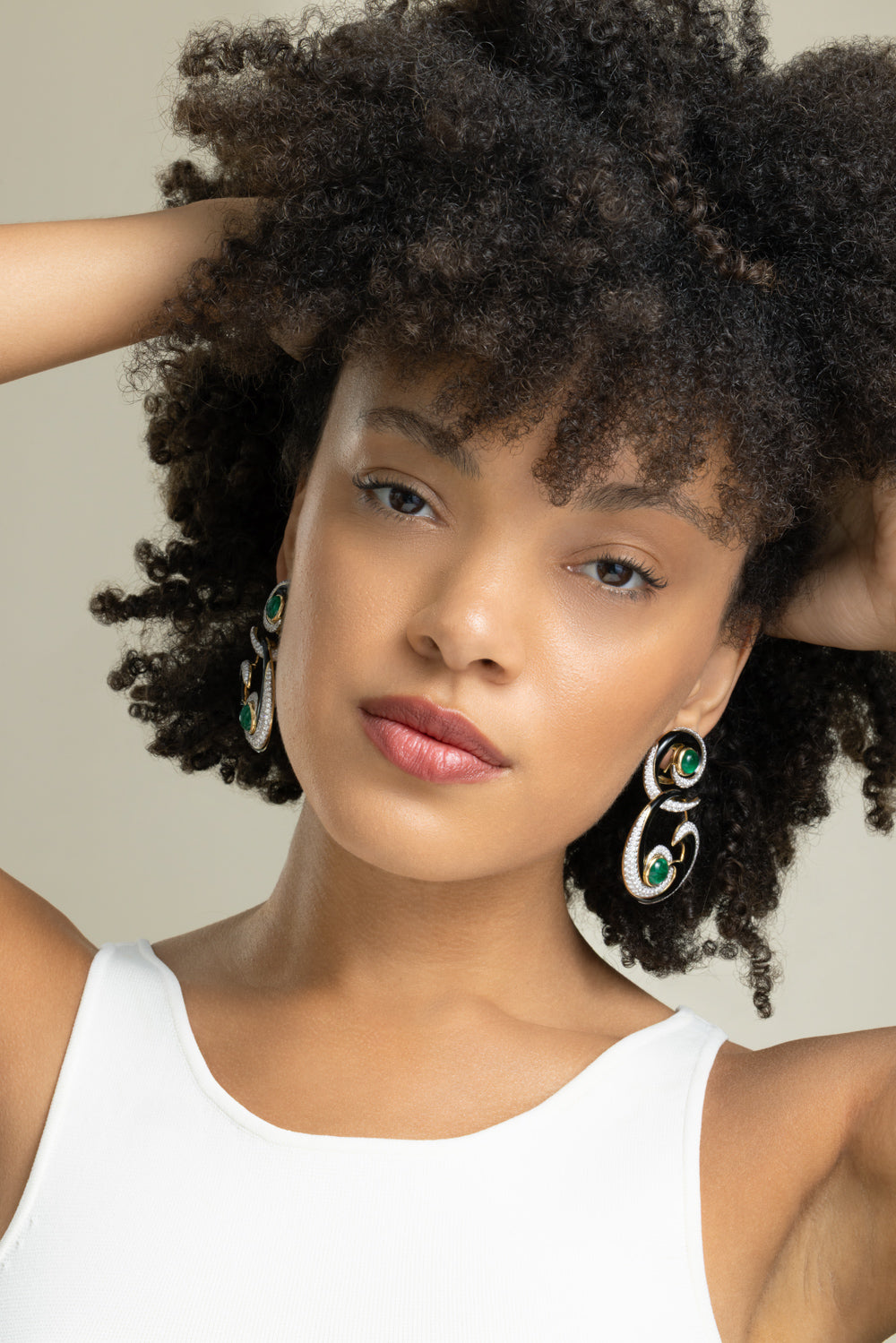 Emerald Great Waves Earrings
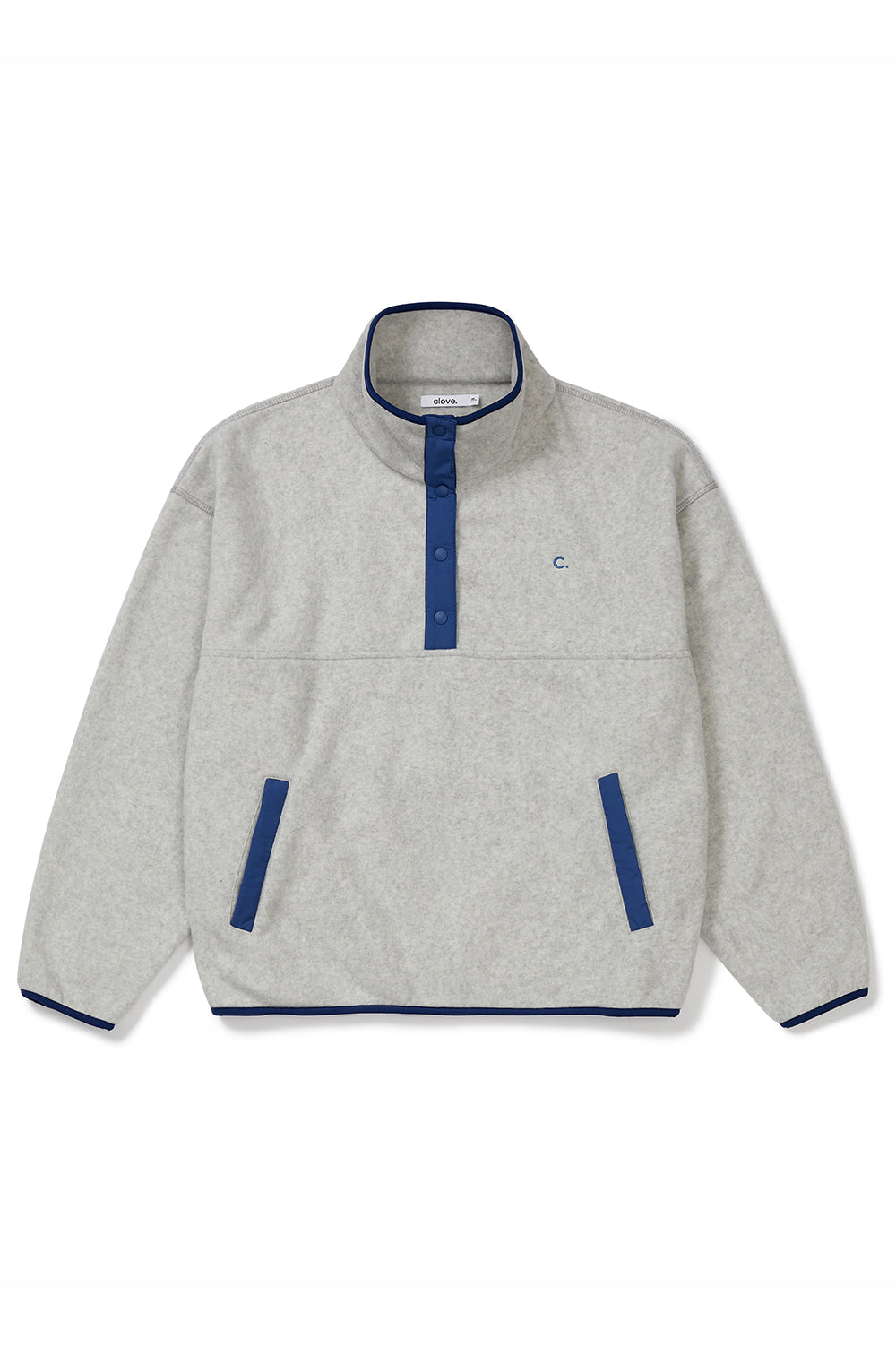 Colored Fleece Half-Zip - Light Gray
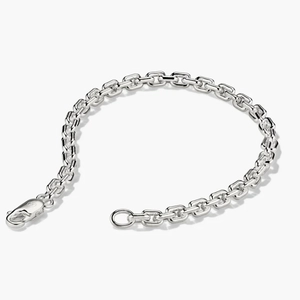 Trace Rectangle Chain Bracelet Sterling Silver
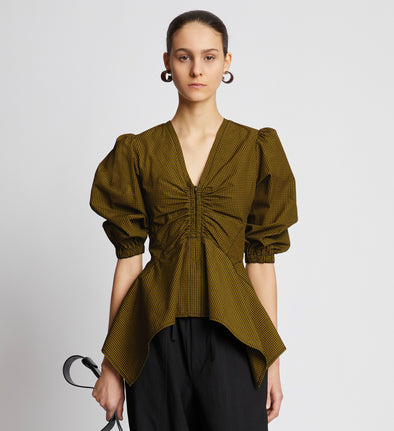 Front cropped image of model wearing Plaid Poplin Puff Sleeve Top in OLIVE/BLACK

:: To do ::
Your job is to restate, word for word, only the lines from the one holding "Trace Rectangle Chain" through the end of the material; pictures stay out.

:: Exercise answer ::
 Trace Rectangle Chain Bracelet Sterling Silver
 Front cropped image of model wearing Plaid Poplin Puff Sleeve Top in OLIVE/BLACK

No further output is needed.